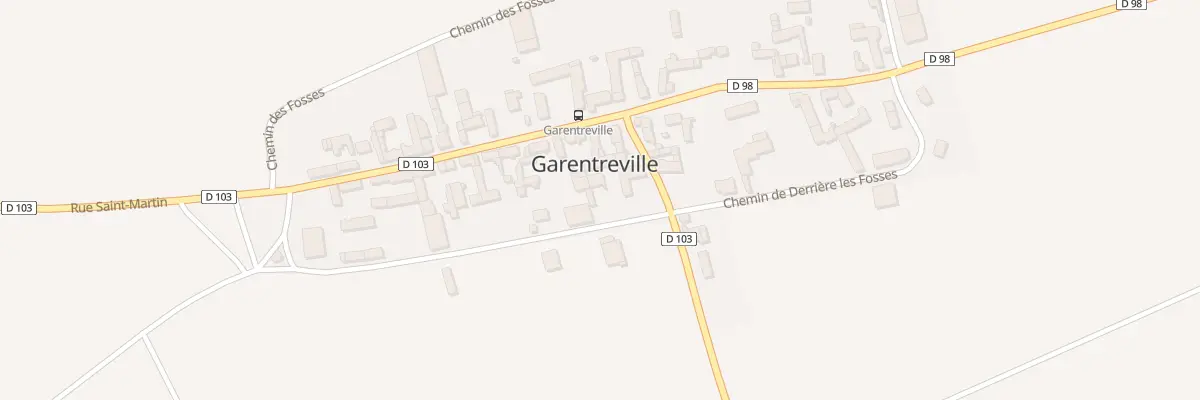 Plan du 15 Che des Fosses à Garentreville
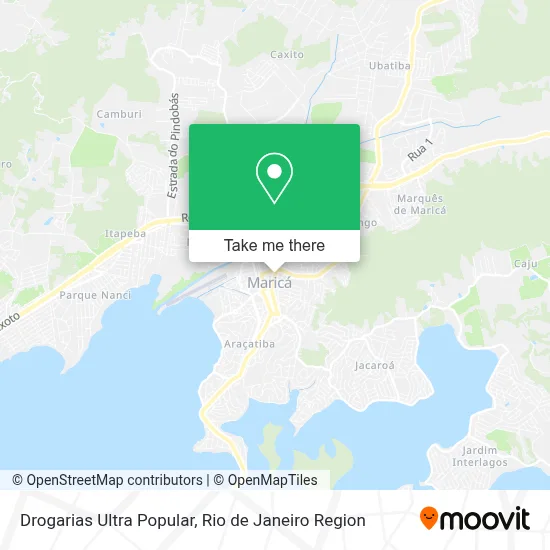 Drogarias Ultra Popular map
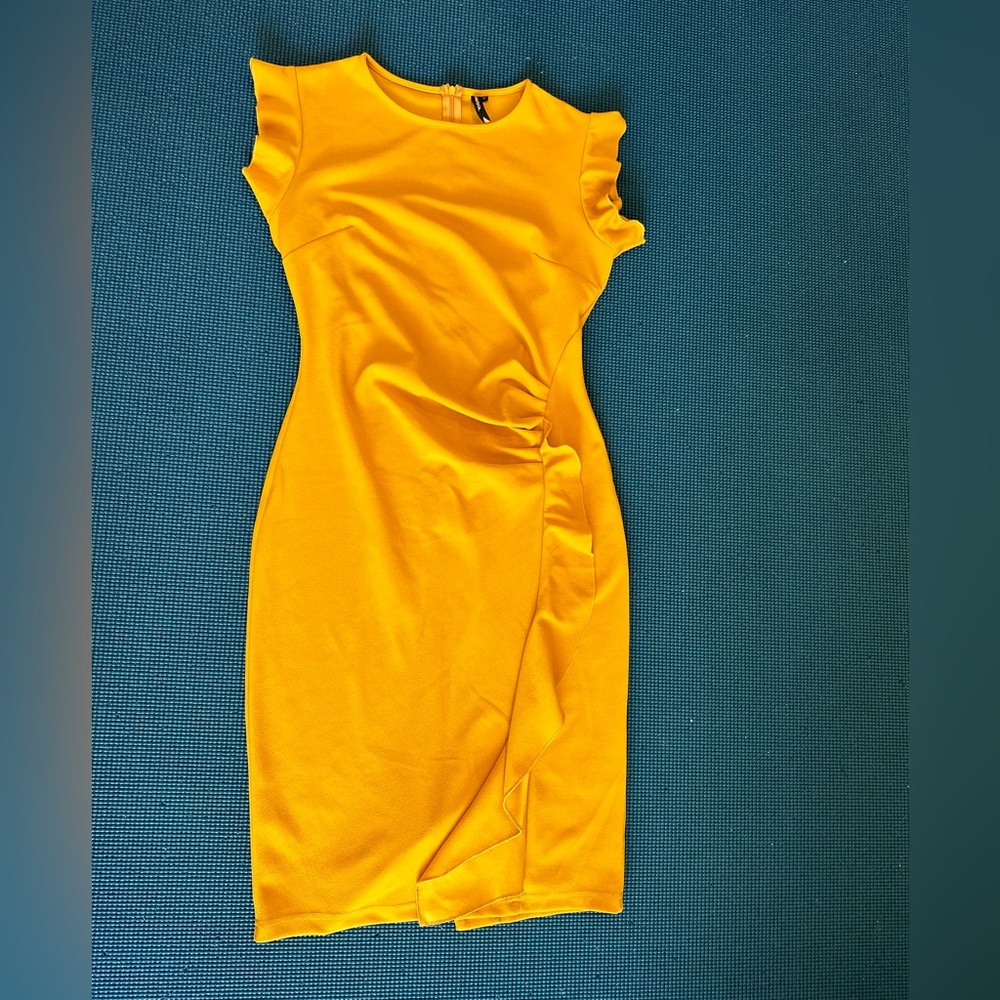 Mussol Goldenrod Dress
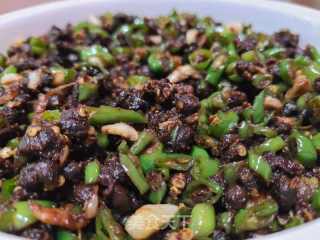 豆豉炒线椒的做法步骤：11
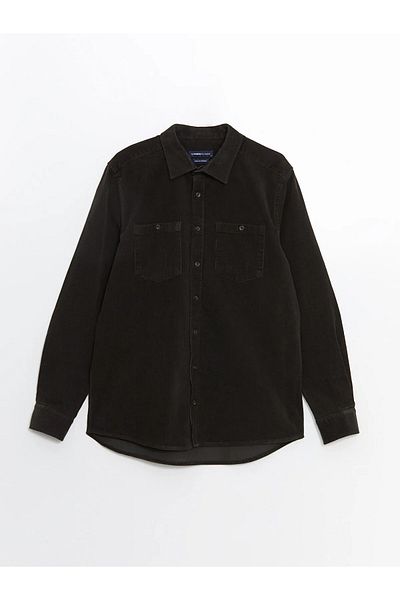 LC Waikiki Classic Regular Fit Long Sleeve Corduroy Men's Shirt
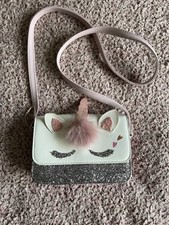 Primark Girls Unicorn Shoulder Bag. Good Condition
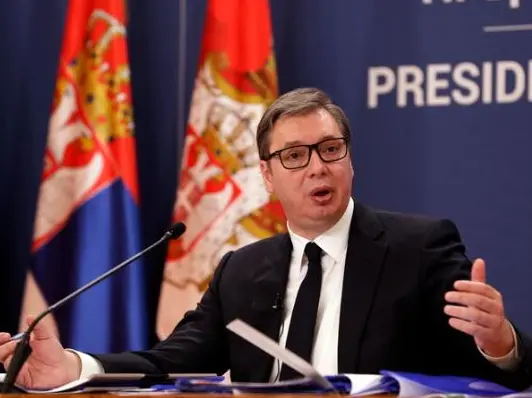 Il presidente serbo Aleksandar Vučić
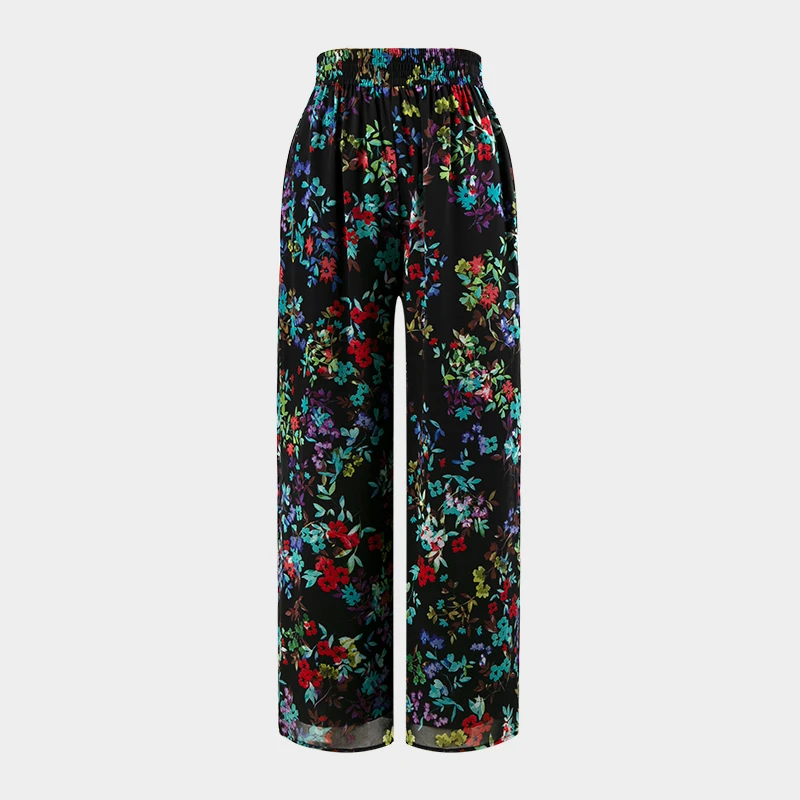 妮芙露UJA春夏印花透气大码欧美风碎花大花宽松套装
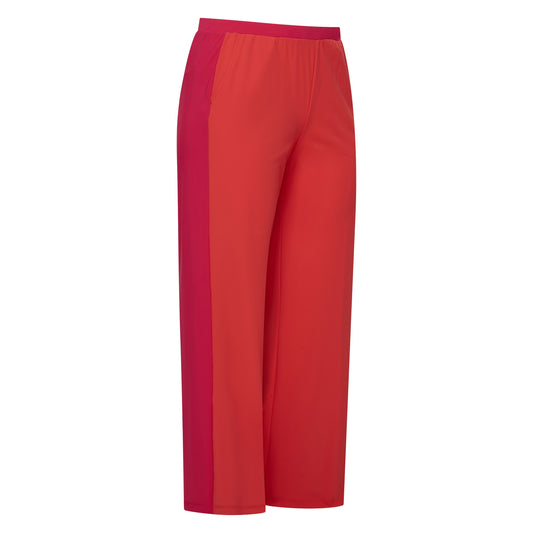 Pants Wide | Saffraan/Pink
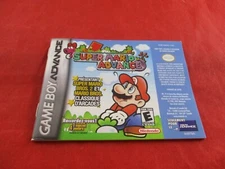 Super Mario World Mario Advance Game Boy Adv Instruction Manual Canada-FRENCH F1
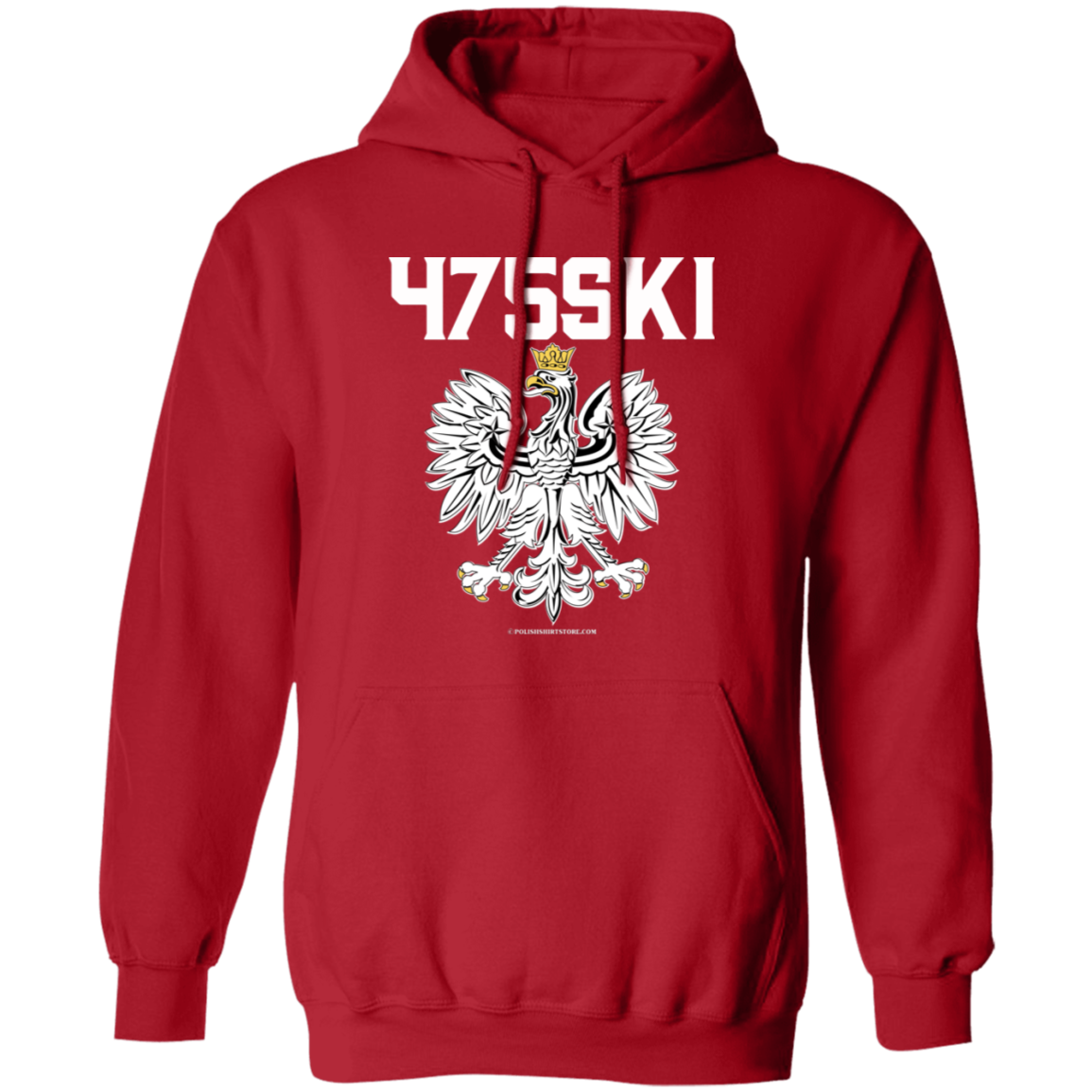 475SKI Apparel CustomCat G185 Pullover Hoodie Red S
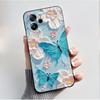 Per Oscal Tiger 12 13 Custodia Moda Farfalla Fiore Nero Morbido Silicone Custodia per Telefono per Blackview Oscal Tiger12 Tiger13 Cover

____

ACTIVITY
In the records above, transcribe exactly the lines from the one containing "475SKI Apparel CustomCat" through the last line, both included, and skip the pictures.

ANSWER FOR THIS EXERCISE
 475SKI Apparel CustomCat G185 Pullover Hoodie Red S
 Per Oscal Tiger 12 13 Custodia Moda Farfalla Fiore Nero Morbido Silicone Custodia per Telefono per Blackview Oscal Tiger12 Tiger13 Cover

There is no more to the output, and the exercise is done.